Re: BRIDAL PICS.
Indian/Pakistani wedding from Town & Country Magazine…the bride is the granddaughter of one of India’s former presidents…I personally don’t care for any of the outfits, except the 250 year old heirloom farshi payjama she wore at the nikkah.
Asema Ahmed Weds Zafar Asghar
Asema Ahmed and Zafar Asghar missed their first date with destiny: a get-acquainted dinner arranged by a mutual friend who thought the New York-born graduate student (Asema) and the Pakistani-born corporate attorney (Zafar) would be a great match. Zafar broke his leg playing soccer and had to beg off. Fortunately, fate arranged a redo.
One year later, they met by chance at a Manhattan restaurant. “We knew right away how we felt about each other,” says Asema, who has finished the master’s program in international development at Georgetown University in Washington, D.C., and now works on business projects. “We talked the entire evening; a month later we decided to get married.”
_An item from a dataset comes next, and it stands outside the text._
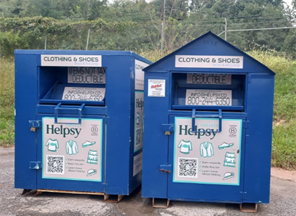 Beyond Recycling Newsletter: October 2023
Both desired nuptial festivities that would reflect their Muslim traditions and family heritage. Asema’s physician parents moved to Manhattan from India in the early 1970s, a few years before her grandfather Fakhruddin Ali Ahmed became president of India. Zafar’s ancestors include illustrious academics and a princess of Bhopal. It took three days of events, in three Manhattan locations, to do their dreams justice.
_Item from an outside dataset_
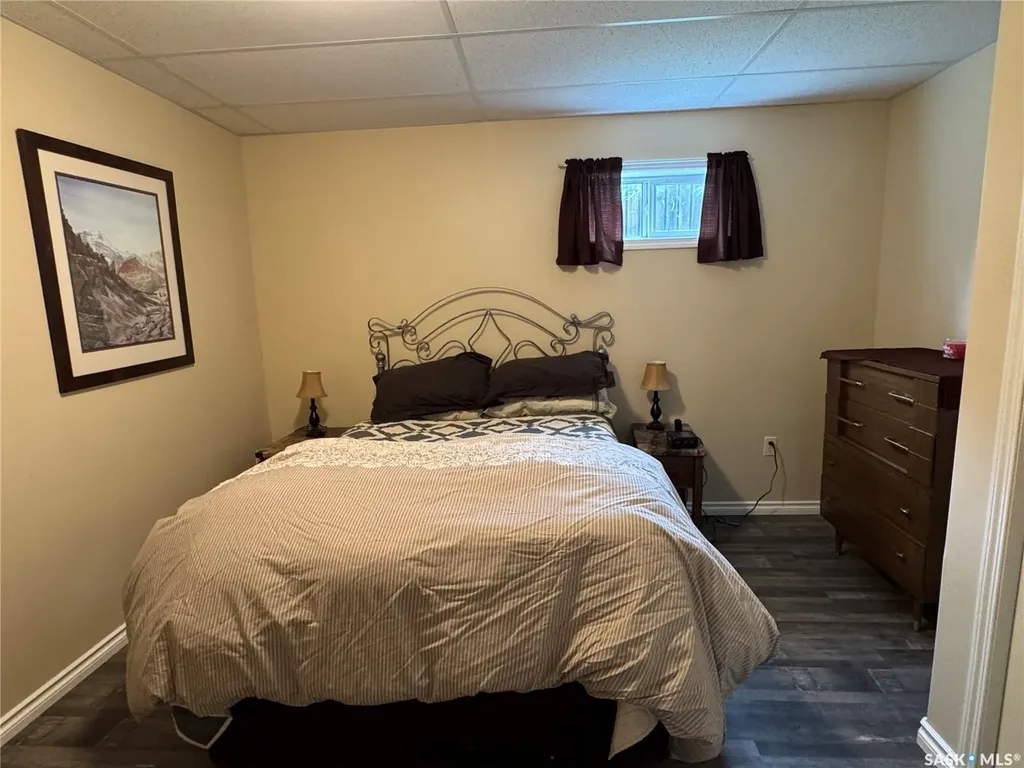 1504 Studer Street La Ronge SK S0J 1L0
For the wedding ceremony, or nikaa, in her parents’ Upper East Side apartment, Asema donned centuries-old Mogul jewelry and a 250-year-old farshee gown, also Mogul, that her mother, grandmother and great-grandmother wore for their weddings. “Hopefully, my daughter will wear it one day,” Asema says. At ceremony’s end, her father held a mirror before the newlyweds. “By tradition, we take our first look at each other together as man and wife in a mirror,” says Asema. “It symbolizes our new life together.”
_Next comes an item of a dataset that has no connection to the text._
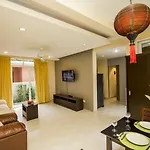 Hotel Tamnak 11br With Privater Pool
Honoring the triumph of love over politics and blood feuds–since India and Pakistan have been in dispute over both territory and faith since 1947–revelry reigned at the next day’s mehndi celebration in the Puck Building. Designer Anthony Ferraz had decorated the vast main room to resemble the Taj Mahal. The banquet area replicated India’s bustling byways, complete with banana trees and street vendors cutting coconuts. Asema was carried in dramatically on a palanquin, her hands and feet painted with henna patterns.
“At the mehndi, the bride’s side and the groom’s side make up dances and compete with each other,” she says. “All our friends were dancing to Indian music.” The well-known pop star Baba Sehgal sang; female guests donned colorful bangles that matched their outfits and took turns daubing henna on Asema’s hands for good luck. “I really loved the mehndi. It was so festive,” says Asema. “I only wish it could have gone slower. Then I could have enjoyed it even more.”
At the final night’s black-tie reception at the Plaza hotel, a nod to the couple’s Western life, guests dined on truffled steak and curried potatoes and danced to music by Soul Solutions. Amber lighting cast a soft sheen over Asema’s pink garara gown, a traditional Muslim dress by Design Archives. Cigar rolling and cognac followed dessert; then the party was over.
“People were depressed–they didn’t know what to do with themselves,” Asema says, laughing. The bride and groom had no such problem: they jetted to St. Bart’s for several days before returning to Manhattan to begin their new life together.